Parts of the state are enduring dry conditions for the third straight year, but Thursday’s rain and more in the weeks ahead may prevent problems.

Rain and humidity might be wreaking havoc with your garden – or your hair – but don’t be fooled. Southern Maine is actually experiencing a drought.

For the third straight year, parts of the state are experiencing dry conditions, although they’re not severe enough to prompt warnings about water restrictions or dry wells. There has already been some relief and more is likely on the way, forecasters say.

Storms that produced torrential rains drenched southern Maine on Thursday afternoon. Lewiston, Augusta and Portland each got more than an inch of rain in less than two hours, according to the National Weather Service. Meteorologist Derek Schroeter said the weather service issued a flash flood warning for Lewiston at 4:38 p.m.

Schroeter said Lewiston, which got 1.42 inches of rain Thursday, reported that the Greyhound bus station at Bates and Ash streets, as well as sections of Stanley Street, were flooded.
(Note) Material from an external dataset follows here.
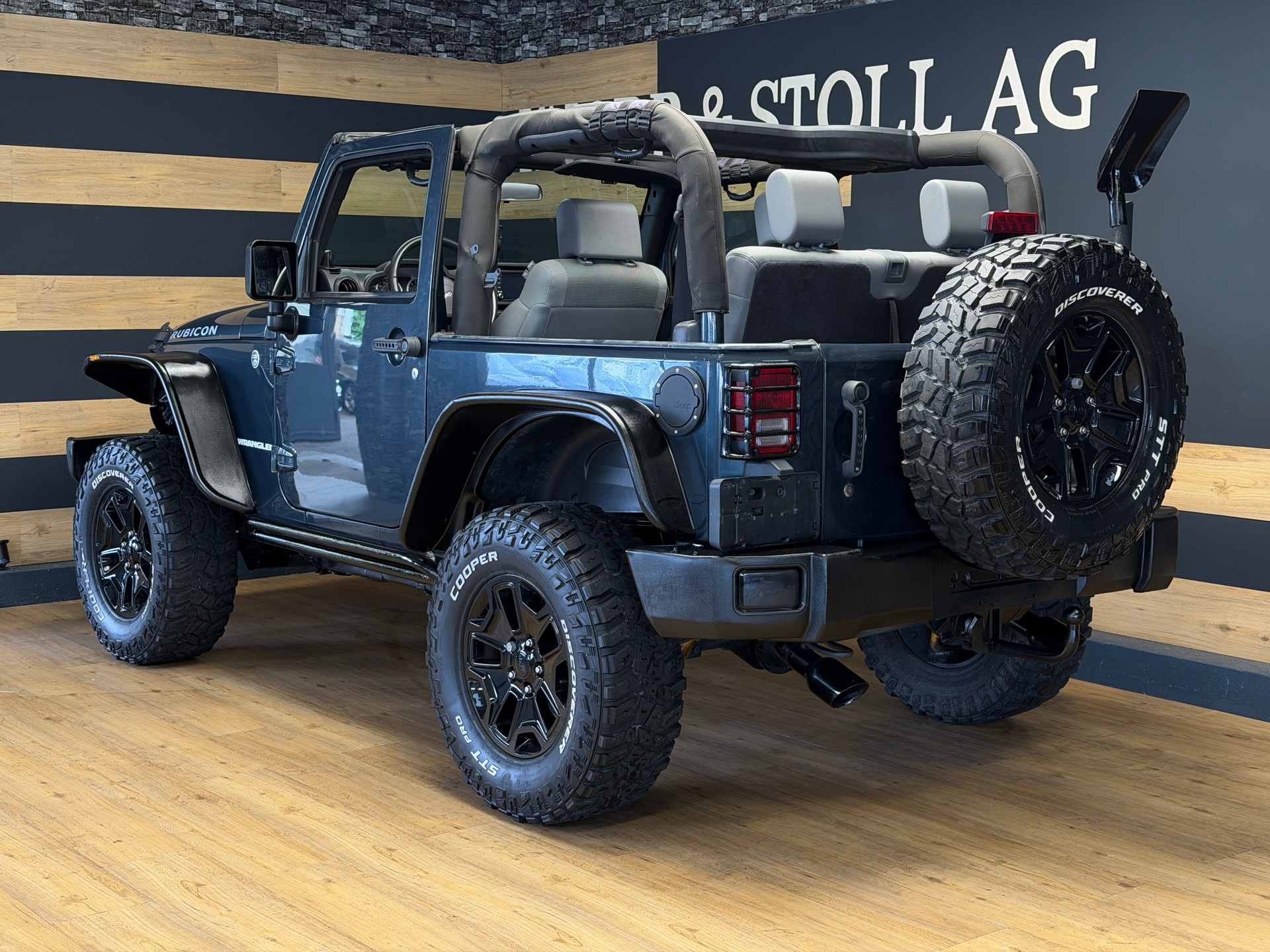 JEEP Wrangler 3.8 Unlimited Rubicon Sahara Automatic-image-6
Auburn reported 1.3 inches of rain between 3:15 p.m. and 4:30 p.m. The Portland International Jetport got 1.03 inches, and 1.09 inches fell in Augusta.
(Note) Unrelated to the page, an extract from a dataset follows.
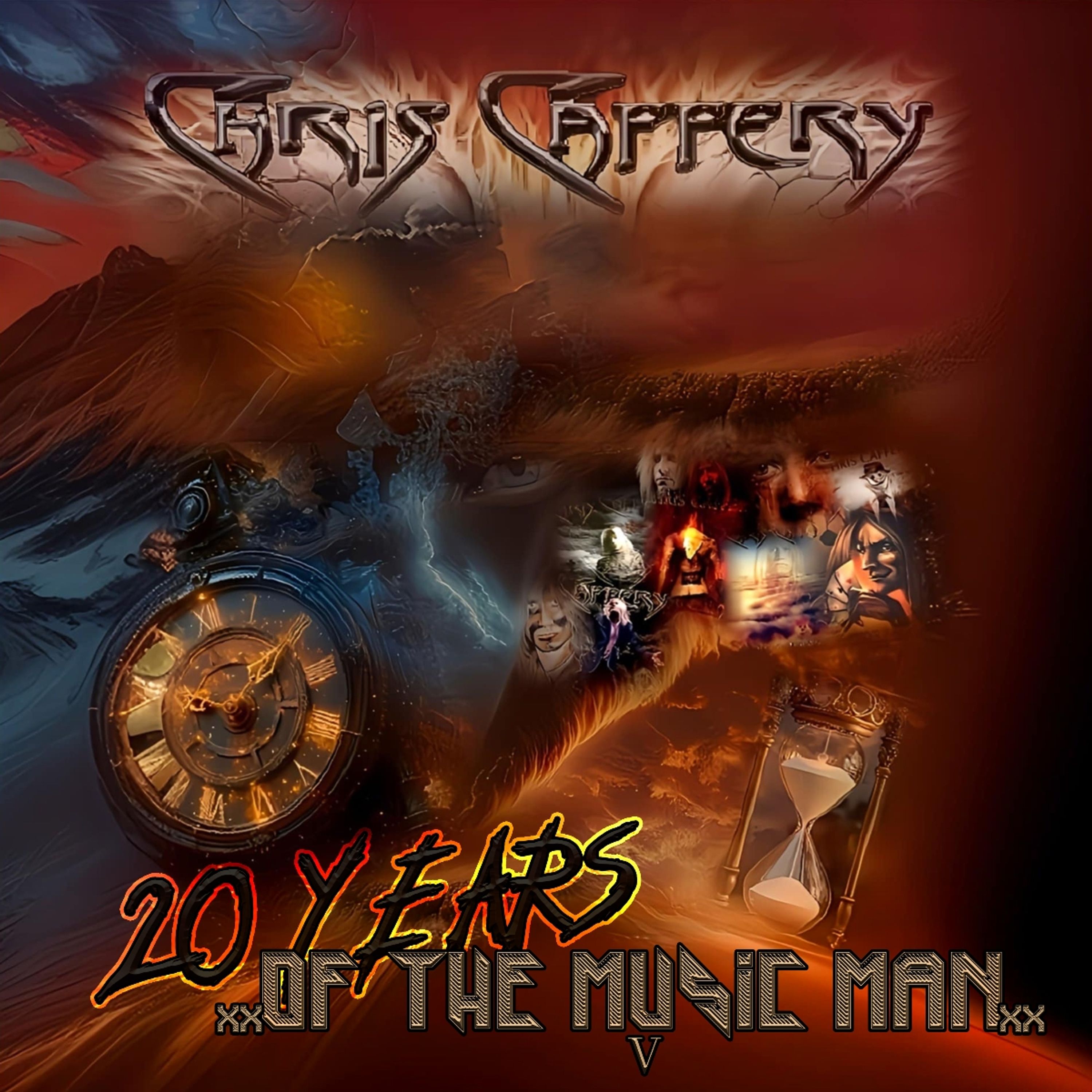 E-shop Caffery Chris - 20 Years Of TheMusic Man / Digipack / 2CD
More rain is forecast for the Portland area Friday evening, Schroeter said. The muggy air and rain are being generated by a Bermuda High that Schroeter said is blowing up from the Caribbean. Maine is sitting on the western edge of that system.

But Thursday’s downpours weren’t enough to counter the drought conditions in southern Maine, Schroeter said.
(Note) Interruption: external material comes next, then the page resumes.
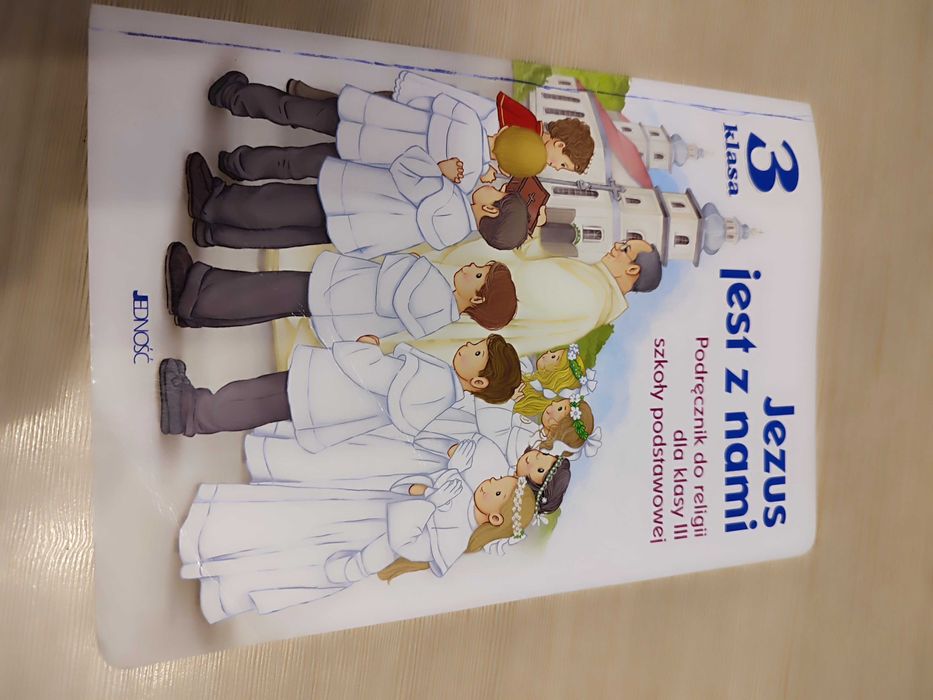 Podręcznik do religii Jezus jest z nami 3 rok wydania 2020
The southern half of the state, and a strip across the far northern part, are either experiencing a moderate drought or abnormally dry conditions, according to the U.S. Drought Monitor.

The state’s Emergency Management Agency sent out a news release Thursday warning of worsening drought conditions, but the same release also noted that forecasters are expecting much of the next month to be rainier than normal.

“We’re entering a rainier period and hope that will improve things,” said Tom Hawley, a meteorologist with the National Weather Service office in Gray. The drought monitor predicts that its drought warning in Maine, New Hampshire and Vermont will likely be removed by the end of October.

Hawley said 3 to 6 inches of rainfall expected over the next four weeks should bring most parts of the state back to normal conditions. If so, the drought warning would be lifted, as it was this week in southern New England, which experienced dry or drought conditions in early July.

Maine has experienced summer droughts for the past three years. Before 2016, when the state experienced a nearly yearlong drought, the state hadn’t experienced widespread drought conditions since 2002. Wells ran dry in many parts of the state in 2016, and some homeowners were forced to order tankers full of water from private companies to recharge their supplies.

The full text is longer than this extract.